Ho qui a lungo precedentemente parlato di Pier Paolo Pasolini, omosessuale nevrotico e introverso che è stato costretto a esibire le sue pulsioni nelle aule dei tribunali e nei processi pubblici perché ahilui amava scandalizzare i minorenni, e che ha reagito facendo dell’omosessualità un manifesto politico. Patroni Griffi è invece un omosessuale di un’altra specie più diffusa, quella apparentemente pacificata con se stessa, ma che in realtà volendo omosessualizzare il mondo intero dichiara – ancora una volta – il proprio senso di inadeguatezza, di incapacità a gestire serenamente la propria omosessualità sempre vissuta come diversità, il cui senso sarebbe: se anche gli etero sono un po’ gay siamo tutti un po’ più uguali…

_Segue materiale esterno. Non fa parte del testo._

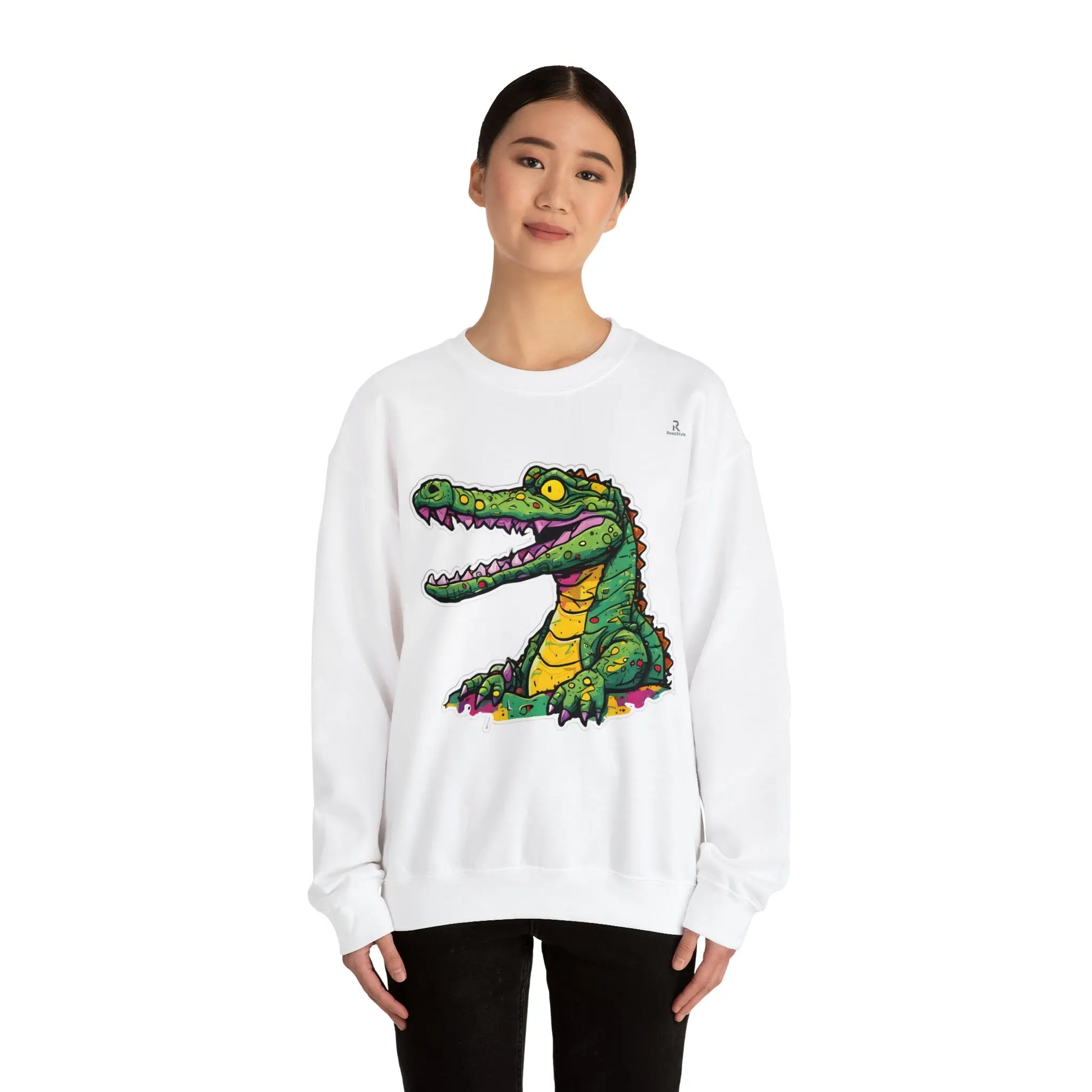 Technicolor Trend: The Cheerful Croco Sweatshirt (U.E) - RoosStyle Design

Dal punto di vista drammaturgico la cosa funziona perché spesso il teatro e il cinema sintetizzano e a volte anticipano ciò che sta per accadere nella vita reale: alla fine degli anni ’60 la borghesia coi suoi riti è al collasso e le perversioni di Patroni Griffi diventano parabole sociali, oltre a essere appetibili esercizi di stile per attori in carriera in cerca di novità. L’autore ha debuttato come regista cinematografico nel 1962 con “Il mare” dove racconta di un attore in vacanza, Umberto Orsini, indeciso fra una seducente donna e un seduttivo giovanotto. Messo da parte Orsini che interpreta lo scandaloso Ric nella messa in scena teatrale ma che non è e mai sarà un divo cinematografico, mette insieme con i produttori un cast internazionale per la sceneggiatura scritta col suo aiuto Carlo Carunchio e soprattutto col giovane Dario Argento che l’anno dopo avrebbe esordito come regista con “L’uccello dalle piume di cristallo”; la sceneggiatura a sei mani dà respiro alla scrittura teatrale con scene in esterni pensate come flash-back che col creativo montaggio di Franco Arcalli conferiscono al film una marcia in più e un ritmo assai intrigante.

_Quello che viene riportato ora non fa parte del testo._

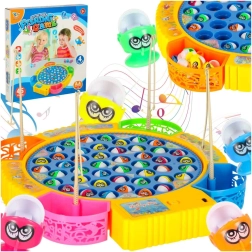 Juego familiar de destreza pesca – 45 pececitos y 4 cañas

Producono Giovanni Bertolucci, cugino dei fratelli registi Bernardo e Giuseppe, e soprattutto Marina Cicogna (Mozzoni Volpi di Misurata) figlia di un conte e di una contessa che in quegli anni è attivissima come lesbica dichiarata nella dolce vita romana, la quale durante un viaggio è stata folgorata dalla bellezza androgina di una hostess brasiliana, Florinda Bolkan, e se la porta in vacanza a Ischia: è l’inizio di un sodalizio umano e professionale che durerà più di vent’anni. Introduce la ragazza nel jet set artistico intellettuale della capitale e Florinda, che oltre al portoghese natio parla inglese francese e italiano, è già pronta per il gran salto artistico e gira tre film, uno dei quali è prodotto da Bino Cicogna, fratello di Marina, poco prima che fratello e sorella fondassero insieme la Euro International Film con la quale distribuirono questo “Metti, una sera a cena”.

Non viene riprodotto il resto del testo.